The world’s attention is rightly focused on news of COVID-19 vaccine updates, from eligibility to supply. But we will make a critical error if we ignore the need for treatments as well as vaccines. Vaccines may not reach everyone for many years. Vaccines will not protect everyone. And as infection surges threaten to overwhelm hospitals and nursing homes, immediate remedies are needed. So, it is vitally important we continue to research treatments to limit and cure COVID-19.
Consider the flu, which is targeted annually with widely available and effective vaccines. But since no vaccine is perfect, there remains a significant need for flu therapies such as Tamiflu and Relenza because these drugs prevent hospitalizations and save lives. We need Tamiflu-like and Relenza-like drugs for COVID-19.

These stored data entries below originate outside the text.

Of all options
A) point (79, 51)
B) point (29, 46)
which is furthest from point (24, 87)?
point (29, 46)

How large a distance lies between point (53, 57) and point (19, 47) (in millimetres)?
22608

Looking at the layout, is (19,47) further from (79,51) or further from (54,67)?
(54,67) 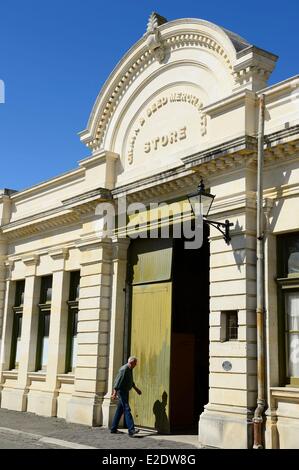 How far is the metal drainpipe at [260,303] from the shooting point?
9977mm

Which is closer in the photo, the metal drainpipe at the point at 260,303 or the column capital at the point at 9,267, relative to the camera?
the metal drainpipe at the point at 260,303

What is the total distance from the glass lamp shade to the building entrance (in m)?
1.56

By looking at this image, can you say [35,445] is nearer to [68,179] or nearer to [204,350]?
[204,350]

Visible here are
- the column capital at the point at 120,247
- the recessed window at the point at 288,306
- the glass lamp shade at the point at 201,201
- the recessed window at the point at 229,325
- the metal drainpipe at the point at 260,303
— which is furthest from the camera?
the column capital at the point at 120,247

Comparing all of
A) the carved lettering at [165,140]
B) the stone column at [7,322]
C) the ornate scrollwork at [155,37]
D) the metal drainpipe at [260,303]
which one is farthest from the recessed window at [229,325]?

To date, the Food and Drug Administration (FDA) has only fully approved one treatment, intravenous remdesivir, for hospitalized patients. The FDA has also approved other intravenous therapies including convalescent plasma; a monoclonal antibody drug called bamlanivimab, and a cocktail of the monoclonal antibodies casirivimab and imdevimab for outpatient care under emergency use authorization (EUA). While these drugs can be helpful, their requirement for intravenous administration severely hampers their widespread use. Because EUAs are issued during an emergency, the data for drug risks and benefits are much less than required for full FDA approval. The widespread and uncontrolled use of numerous EUA drugs has made it difficult to perform proper randomized clinical trials for other new experimental treatments because it is unethical to ask a patient to participate in a clinical trial when they may or may not receive a EUA-approved treatment. The overuse of EUAs makes it difficult or impossible to know if these therapies truly are actually effective and safe. What is badly needed is more randomized clinical trials.